Der Kern der europäischen Sicherheit war eigentlich der Beistandspakt der Nato: Wenn ein Mitgliedsstaat angegriffen wird, springen die anderen ihm bei. Kann man sich darauf bei der aktuellen US-Regierung noch verlassen?
Ich würde mich nicht darauf verlassen, und ich glaube auch, dass keiner der anderen Nato-Staaten sich momentan darauf verlässt. Aus Trumps Äußerungen der vergangenen Wochen spricht nicht nur eine Feindschaft gegenüber der Ukraine. Er hat behauptet, die Europäische Union sei angeblich nur gegründet worden, um die USA über den Tisch zu ziehen. Daraus spricht auch eine Feindschaft gegenüber Europa. Deshalb: Bei diesem Präsidenten würde ich mich nicht auf die Nato-Beistandsgarantie verlassen.
Bisher haben europäische Politiker aber immer betont: Ganz ohne die USA geht es nicht – weder die Unterstützung der Ukraine noch die Gewährung von Sicherheit in Europa.
Zum Teil sehe ich das anders. Natürlich kommt man nicht über Nacht von 0 auf 100. Das gilt insbesondere für den nuklearen Schutzschirm. Sollten sich die USA mit ihrem Schutzschirm zurückziehen, stehen wir in gewisser Weise blank da. Die nuklearen Kapazitäten von Frankreich und Großbritannien reichen nicht aus für eine ernsthafte Abschreckung. Europa muss darüber nachdenken, wie es diese Abschreckung auch ohne die USA aufbauen kann. Aber das wird Jahre oder Jahrzehnte dauern. Ziel muss es sein, einen Deal mit den USA zu finden, in dem sie noch so lange eine nukleare Abschreckung bereitstellen, bis Europa in der Lage ist, sie zu ersetzen.
Und darüber hinaus?
Im konventionellen Bereich haben wir kleinere Probleme. Kurzfristig lassen sich Rüstungsgüter auf dem Weltmarkt einkaufen. Wichtig ist aber, auch die eigene Rüstungsindustrie schnell hochzufahren. Auch um den Bevölkerungen deutlich zu machen, dass das auch wirtschaftliche Impulse setzt und Jobs schafft.

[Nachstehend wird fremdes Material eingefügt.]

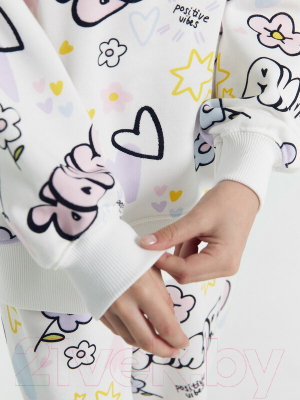 Комплект детской одежды Mark Formelle 397725 (р.134-68, граффити на молочном)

Vielen Menschen macht die Forderung nach Aufrüstung allerdings vor allem Angst. Sind diese Schritte überhaupt politisch durchsetzbar?
Das ist tatsächlich eine große Herausforderung. Ich komme selbst aus der Friedens- und Konfliktforschung und manchmal staune ich, wie selbstverständlich ich inzwischen von Aufrüstung und nuklearer Abschreckung in Europa spreche. Aber ich kann ja nicht die Bedrohungslage ignorieren. Zu lange haben viele Regierungen so getan, als sei der Krieg in der Ukraine etwas, was man noch mit ein bisschen Durchhalten hinbekommt – und danach ist wieder alles wie vorher. Das ist nicht der Fall. Faktisch befinden wir uns bereits in einem hybriden Krieg.
Inwiefern?
Wir sind schon jetzt jeden Tag Angriffen von Seiten Russlands ausgesetzt. Das entspricht nicht der klassischen Definition eines Krieges, aber nicht nur Cyber-Angriffe oder zerstörte Unterwasserkabel zeigen: Wir werden Tag für Tag angegriffen. Die Politik muss der Bevölkerung deutlich machen: Wir müssen jetzt in unsere Sicherheit investieren, damit es bei diesen hybriden Angriffen bleibt und wir nicht tatsächlich physisch angegriffen werden.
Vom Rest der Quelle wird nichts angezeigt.